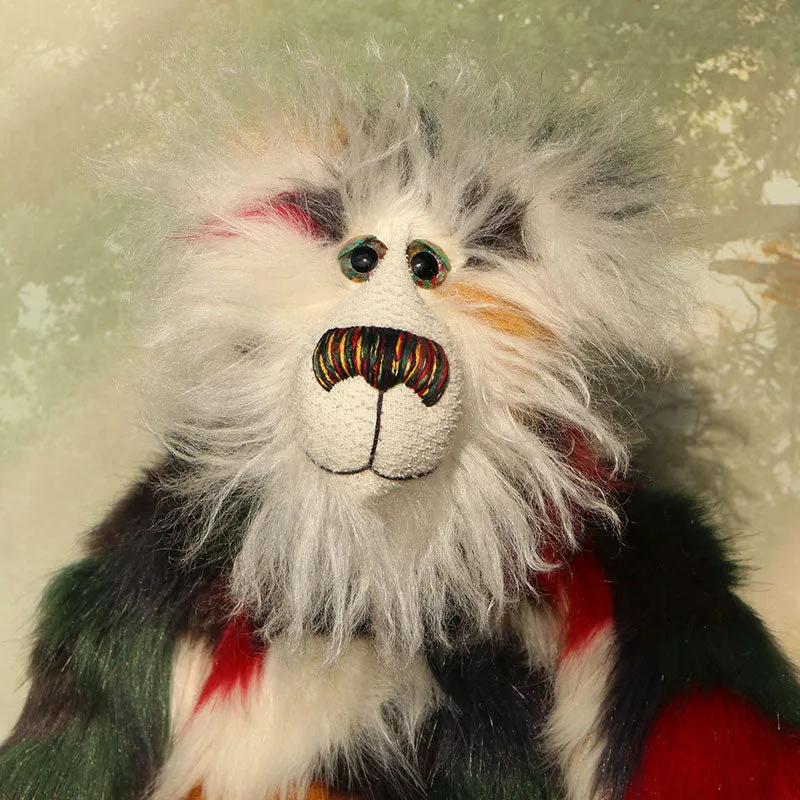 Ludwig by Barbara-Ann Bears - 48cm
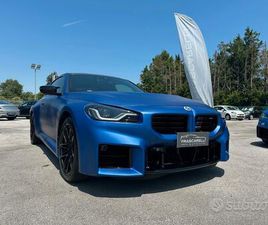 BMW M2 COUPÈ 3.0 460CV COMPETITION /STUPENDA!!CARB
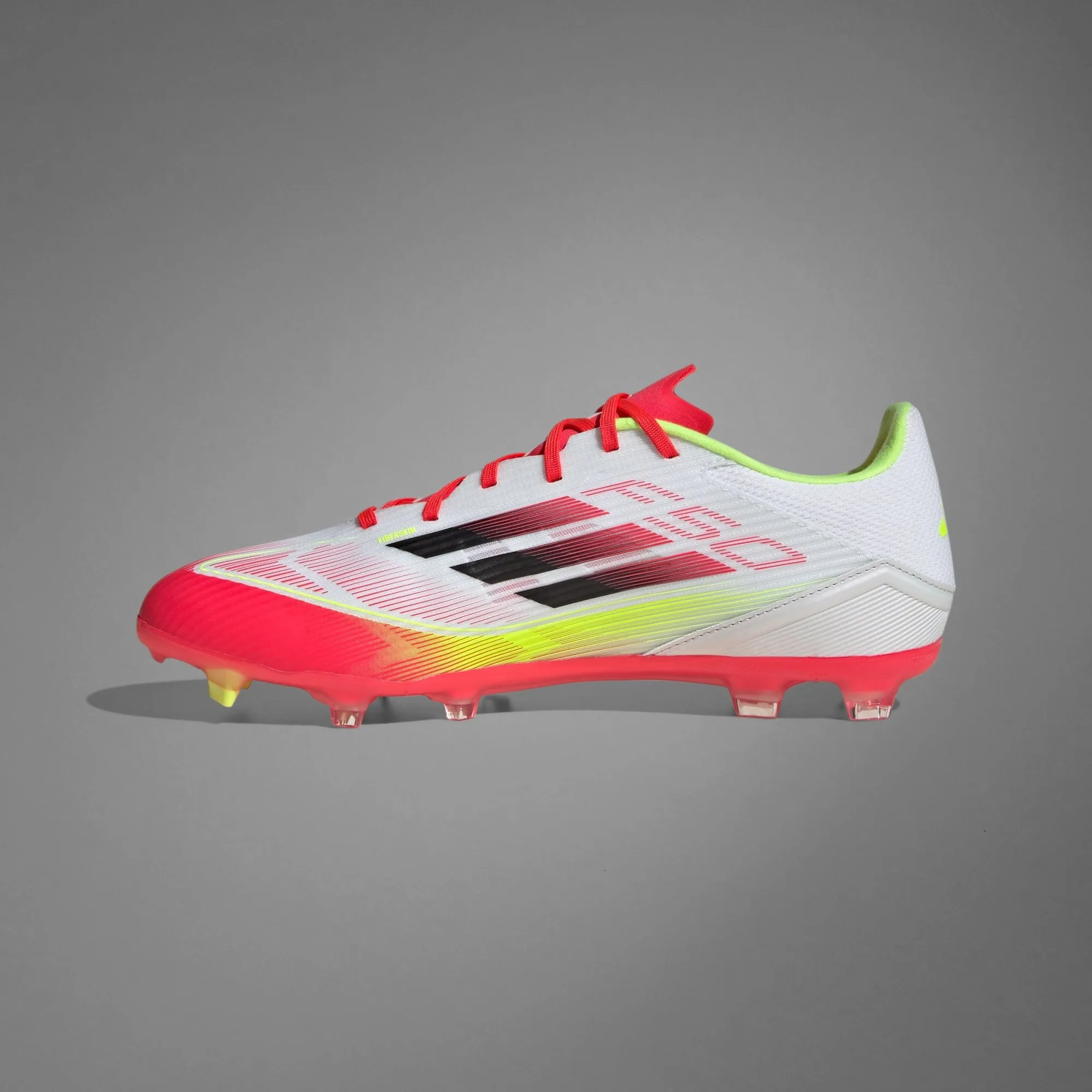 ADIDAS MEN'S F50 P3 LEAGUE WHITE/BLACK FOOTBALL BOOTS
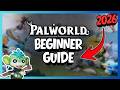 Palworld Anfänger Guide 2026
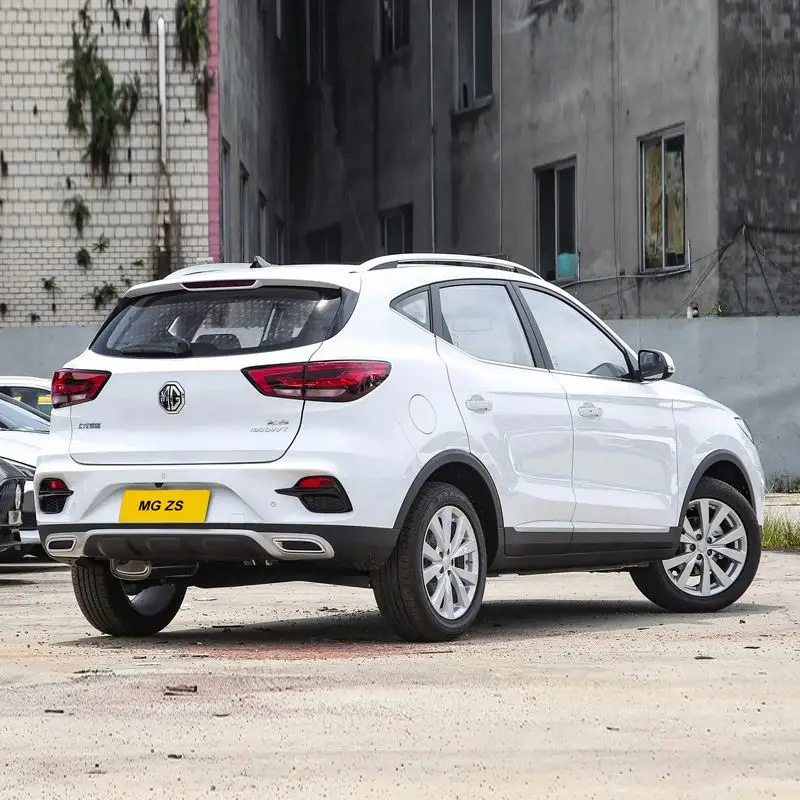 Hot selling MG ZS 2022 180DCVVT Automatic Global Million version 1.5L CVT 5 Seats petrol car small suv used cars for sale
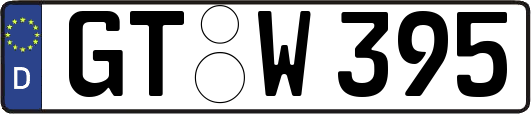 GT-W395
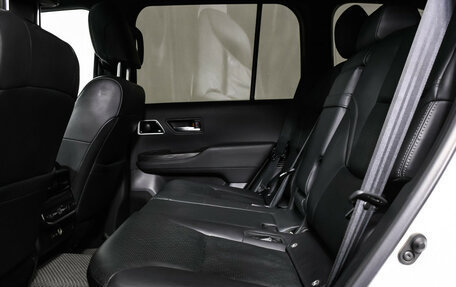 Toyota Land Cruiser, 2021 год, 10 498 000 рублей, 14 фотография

────

= Your objective =
Transcribe each record exactly as it appears, but omit every picture.

= Completed exercise =
 Ludwig by Barbara-Ann Bears - 48cm
 BMW M2 COUPÈ 3.0 460CV COMPETITION /STUPENDA!!CARB
 ADIDAS MEN'S F50 P3 LEAGUE WHITE/BLACK FOOTBALL BOOTS
 Palworld Anfänger Guide 2026
 Hot selling MG ZS 2022 180DCVVT Automatic Global Million version 1.5L CVT 5 Seats petrol car small suv used cars for sale
 GT-W395
 Toyota Land Cruiser, 2021 год, 10 498 000 рублей, 14 фотография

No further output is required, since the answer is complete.